Four researchers from Japan's RIKEN utilized two small-scale quantum computers to simulate quantum information scrambling, an important quantum information process. This achievement demonstrates the potential applications of future quantum computers. The results were published in the journal Physical Review Research.

Quantum computers are still in their early stages, with applications just beginning. However, once they mature as a technology, they will fundamentally transform the field of computing.

One possible application of quantum computers is simulating the scrambling of quantum information—a key phenomenon involving information propagation in quantum systems ranging from strange metals to black holes.

Once information is encoded in part of a quantum system, it becomes diluted over time through various processes and eventually spreads across the entire system.

The original information is not lost, but reconstructing it becomes far more difficult because access to the entire system is required. The most outstanding quantum information scrambler is a black hole, which serves as the ultimate shredder of quantum information.

Understanding how information scrambling occurs is crucial for addressing fundamental problems in quantum physics.

Kazuhiro Seki from RIKEN's Quantum Computing Center (RQC) stated: “We are very interested in quantum information scrambling because we can use it to perform additional computations, such as statistical physics calculations.”

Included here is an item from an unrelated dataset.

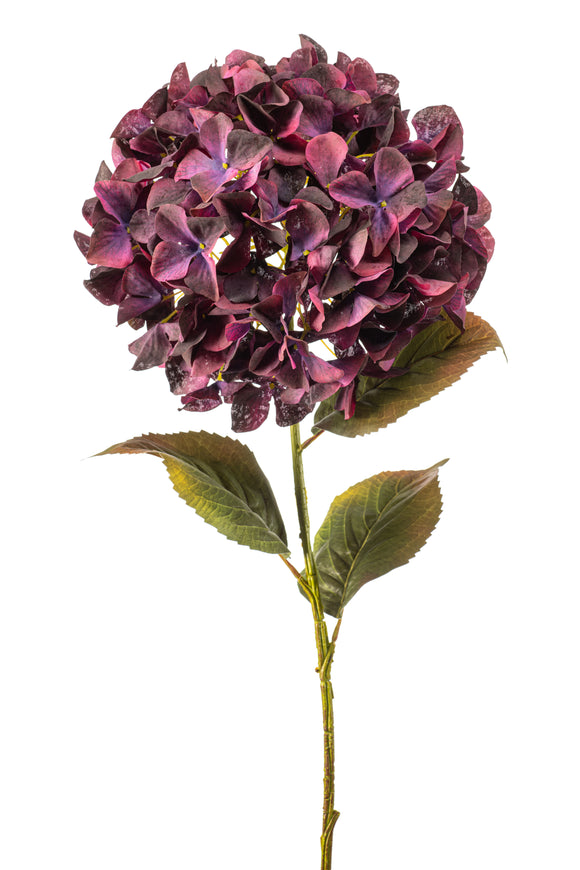 XXL artificial hydrangea - 1 head - Bordeaux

One way to study quantum information scrambling is through simulation, and quantum computers can provide assistance because they are better suited for such simulations than classical computers.

Now, Seki and Seiji Yunoki, also from RQC, together with two colleagues, used two quantum computers with 20 quantum bits (the quantum equivalent of bits) to simulate quantum information scrambling circuits.

For the simulation, the researchers accessed state-of-the-art quantum computers via the cloud, which are based on trapped-ion qubits. They performed three simulations using the quantum computers, including creating scrambled states and using them to carry out quantum statistical mechanics calculations.

Although powerful classical computers can perform such simulations, the complexity of the simulations is approaching the regime where quantum computers become indispensable for these types of calculations.

“In this study, we only used 20 qubits for the simulation,” Yunoki said. “If we were to perform similar calculations with more than 50 qubits, it would likely become too difficult for classical computers to handle.”

In February 2025, RIKEN installed a 20-qubit ion-trap quantum computer. “We hope to upgrade it in the coming years to have around 50 qubits,” Yunoki noted.